> **WHAT THE TASK ASKS**
Would you please output the records exactly as they appear below?

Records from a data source

————————

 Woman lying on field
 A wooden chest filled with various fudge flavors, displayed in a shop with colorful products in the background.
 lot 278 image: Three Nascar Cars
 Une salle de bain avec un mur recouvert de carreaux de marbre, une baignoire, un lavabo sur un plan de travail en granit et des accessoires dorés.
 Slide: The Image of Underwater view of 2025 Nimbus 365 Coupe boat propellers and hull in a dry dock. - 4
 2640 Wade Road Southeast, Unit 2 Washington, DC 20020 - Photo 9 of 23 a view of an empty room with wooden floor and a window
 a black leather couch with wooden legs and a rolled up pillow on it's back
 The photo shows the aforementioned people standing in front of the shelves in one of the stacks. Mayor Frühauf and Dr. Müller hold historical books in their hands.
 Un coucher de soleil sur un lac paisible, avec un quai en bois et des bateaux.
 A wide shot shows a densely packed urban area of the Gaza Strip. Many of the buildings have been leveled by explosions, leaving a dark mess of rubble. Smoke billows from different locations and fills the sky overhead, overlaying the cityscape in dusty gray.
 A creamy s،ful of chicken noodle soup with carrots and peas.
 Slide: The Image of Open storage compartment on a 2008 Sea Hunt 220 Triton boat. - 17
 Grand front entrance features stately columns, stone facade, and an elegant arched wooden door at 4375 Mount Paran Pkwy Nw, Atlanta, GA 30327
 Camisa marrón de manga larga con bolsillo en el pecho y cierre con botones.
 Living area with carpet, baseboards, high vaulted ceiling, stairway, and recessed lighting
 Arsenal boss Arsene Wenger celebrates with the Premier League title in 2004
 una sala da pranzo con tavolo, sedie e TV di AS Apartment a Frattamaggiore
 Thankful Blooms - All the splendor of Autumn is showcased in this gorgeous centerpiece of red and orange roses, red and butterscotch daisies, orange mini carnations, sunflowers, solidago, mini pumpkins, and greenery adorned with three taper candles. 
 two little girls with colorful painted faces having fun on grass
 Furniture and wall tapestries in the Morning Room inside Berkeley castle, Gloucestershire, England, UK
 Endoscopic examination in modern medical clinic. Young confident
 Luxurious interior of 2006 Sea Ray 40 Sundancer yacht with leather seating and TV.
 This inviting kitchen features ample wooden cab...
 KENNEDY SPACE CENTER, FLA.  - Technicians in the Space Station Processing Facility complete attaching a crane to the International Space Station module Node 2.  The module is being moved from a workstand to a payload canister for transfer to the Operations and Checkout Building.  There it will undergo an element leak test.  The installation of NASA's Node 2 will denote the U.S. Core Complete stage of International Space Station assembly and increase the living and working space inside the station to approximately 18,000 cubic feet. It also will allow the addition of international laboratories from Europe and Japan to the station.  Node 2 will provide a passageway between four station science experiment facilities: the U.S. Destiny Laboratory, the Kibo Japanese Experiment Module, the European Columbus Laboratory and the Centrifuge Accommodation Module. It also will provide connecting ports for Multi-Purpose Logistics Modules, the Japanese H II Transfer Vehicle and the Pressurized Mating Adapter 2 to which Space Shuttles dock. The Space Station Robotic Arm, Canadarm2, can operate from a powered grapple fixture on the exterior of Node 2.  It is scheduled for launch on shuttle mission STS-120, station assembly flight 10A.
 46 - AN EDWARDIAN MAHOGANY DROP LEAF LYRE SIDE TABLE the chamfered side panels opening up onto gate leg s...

————————

> **RESPONSE FOR THIS EXERCISE**
 Woman lying on field
 A wooden chest filled with various fudge flavors, displayed in a shop with colorful products in the background.
 lot 278 image: Three Nascar Cars
 Une salle de bain avec un mur recouvert de carreaux de marbre, une baignoire, un lavabo sur un plan de travail en granit et des accessoires dorés.
 Slide: The Image of Underwater view of 2025 Nimbus 365 Coupe boat propellers and hull in a dry dock. - 4
 2640 Wade Road Southeast, Unit 2 Washington, DC 20020 - Photo 9 of 23 a view of an empty room with wooden floor and a window
 a black leather couch with wooden legs and a rolled up pillow on it's back
 The photo shows the aforementioned people standing in front of the shelves in one of the stacks. Mayor Frühauf and Dr. Müller hold historical books in their hands.
 Un coucher de soleil sur un lac paisible, avec un quai en bois et des bateaux.
 A wide shot shows a densely packed urban area of the Gaza Strip. Many of the buildings have been leveled by explosions, leaving a dark mess of rubble. Smoke billows from different locations and fills the sky overhead, overlaying the cityscape in dusty gray.
 A creamy s،ful of chicken noodle soup with carrots and peas.
 Slide: The Image of Open storage compartment on a 2008 Sea Hunt 220 Triton boat. - 17
 Grand front entrance features stately columns, stone facade, and an elegant arched wooden door at 4375 Mount Paran Pkwy Nw, Atlanta, GA 30327
 Camisa marrón de manga larga con bolsillo en el pecho y cierre con botones.
 Living area with carpet, baseboards, high vaulted ceiling, stairway, and recessed lighting
 Arsenal boss Arsene Wenger celebrates with the Premier League title in 2004
 una sala da pranzo con tavolo, sedie e TV di AS Apartment a Frattamaggiore
 Thankful Blooms - All the splendor of Autumn is showcased in this gorgeous centerpiece of red and orange roses, red and butterscotch daisies, orange mini carnations, sunflowers, solidago, mini pumpkins, and greenery adorned with three taper candles. 
 two little girls with colorful painted faces having fun on grass
 Furniture and wall tapestries in the Morning Room inside Berkeley castle, Gloucestershire, England, UK
 Endoscopic examination in modern medical clinic. Young confident
 Luxurious interior of 2006 Sea Ray 40 Sundancer yacht with leather seating and TV.
 This inviting kitchen features ample wooden cab...
 KENNEDY SPACE CENTER, FLA.  - Technicians in the Space Station Processing Facility complete attaching a crane to the International Space Station module Node 2.  The module is being moved from a workstand to a payload canister for transfer to the Operations and Checkout Building.  There it will undergo an element leak test.  The installation of NASA's Node 2 will denote the U.S. Core Complete stage of International Space Station assembly and increase the living and working space inside the station to approximately 18,000 cubic feet. It also will allow the addition of international laboratories from Europe and Japan to the station.  Node 2 will provide a passageway between four station science experiment facilities: the U.S. Destiny Laboratory, the Kibo Japanese Experiment Module, the European Columbus Laboratory and the Centrifuge Accommodation Module. It also will provide connecting ports for Multi-Purpose Logistics Modules, the Japanese H II Transfer Vehicle and the Pressurized Mating Adapter 2 to which Space Shuttles dock. The Space Station Robotic Arm, Canadarm2, can operate from a powered grapple fixture on the exterior of Node 2.  It is scheduled for launch on shuttle mission STS-120, station assembly flight 10A.
 46 - AN EDWARDIAN MAHOGANY DROP LEAF LYRE SIDE TABLE the chamfered side panels opening up onto gate leg s...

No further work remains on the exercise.